Christmas market reopens for ‘honour of France’ after attack
The Christmas market in Strasbourg has reopened amid tight security a day after the gunman suspected of killing three people in a terror attack was shot dead by police.
The main suspect, Cherif Chekatt, was killed on Thursday night in the eastern French city after he opened fire on officers during a police operation in the Neudorf neighbourhood.
The site of Tuesday’s attack was close to Strasbourg’s famous Christmas market, which was closed during the manhunt for Chekatt.
Interior minister Christophe Castaner attended yesterday morning’s reopening and had a stroll in the market to meet shopkeepers.
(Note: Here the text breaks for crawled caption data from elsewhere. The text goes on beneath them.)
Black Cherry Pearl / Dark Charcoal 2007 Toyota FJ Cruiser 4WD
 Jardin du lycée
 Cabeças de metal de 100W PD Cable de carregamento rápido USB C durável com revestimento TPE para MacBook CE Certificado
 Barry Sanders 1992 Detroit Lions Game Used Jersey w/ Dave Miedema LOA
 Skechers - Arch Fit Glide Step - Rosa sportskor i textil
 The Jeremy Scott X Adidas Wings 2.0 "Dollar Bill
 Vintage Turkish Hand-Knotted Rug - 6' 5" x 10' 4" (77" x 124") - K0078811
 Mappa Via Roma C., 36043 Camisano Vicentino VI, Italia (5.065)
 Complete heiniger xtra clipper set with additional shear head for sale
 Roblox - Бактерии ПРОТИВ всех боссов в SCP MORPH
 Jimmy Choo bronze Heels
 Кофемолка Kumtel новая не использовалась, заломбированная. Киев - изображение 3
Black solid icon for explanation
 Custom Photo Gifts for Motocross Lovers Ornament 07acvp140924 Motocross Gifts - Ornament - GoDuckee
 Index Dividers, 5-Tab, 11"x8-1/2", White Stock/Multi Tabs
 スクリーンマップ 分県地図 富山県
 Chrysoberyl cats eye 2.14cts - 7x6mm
Access to the market remained reduced, while extra police officers and military were deployed to the site in addition to private security guards.
Mr Castaner said authorities decided to reopen the Christmas market “for the honour of Strasbourg, for the honour of France”.
Investigators looking into the Strasbourg attack are trying to establish whether the main suspect was helped by accomplices while on the run, Paris prosecutor Remy Heitz said.
The prosecutor, who handles terror cases throughout France, said seven people were in police custody, including four family members of Chekatt.
“We want to reconstruct the past 48 hours in order to find out whether he got some support,” Mr Heitz said.
The immediate aftermath of the shootout between French security forces and Chekatt was caught on camera from across the street.
Video footage showed armed officers at the scene and the body of the man slumped in a doorway.
More officers arrived at the scene soon after, followed by crime scene investigators who took photos of the body and the surroundings.
Investigators found a gun, a knife and ammunition on Chekatt’s body.
The Paris prosecutor’s office formally identified the man as 29-year-ol Chekatt, a Strasbourg-born man with a long history of convictions for various crimes, including robberies. Chekatt also had been on a watch list of potential extremists.
Mr Heitz said, on top of the three people who died in the Christmas market attack, “a fourth victim is brain dead”.
“Among the 12 other wounded, there is one person in a lifethreatening condition and four who remain hospitalised,” he said.
More than 700 officers were involved in the search for Chekatt. Chekatt was wellknown to police, but only as a common criminal. He had his first conviction at 13 and had 26 more by the time he died at age 29.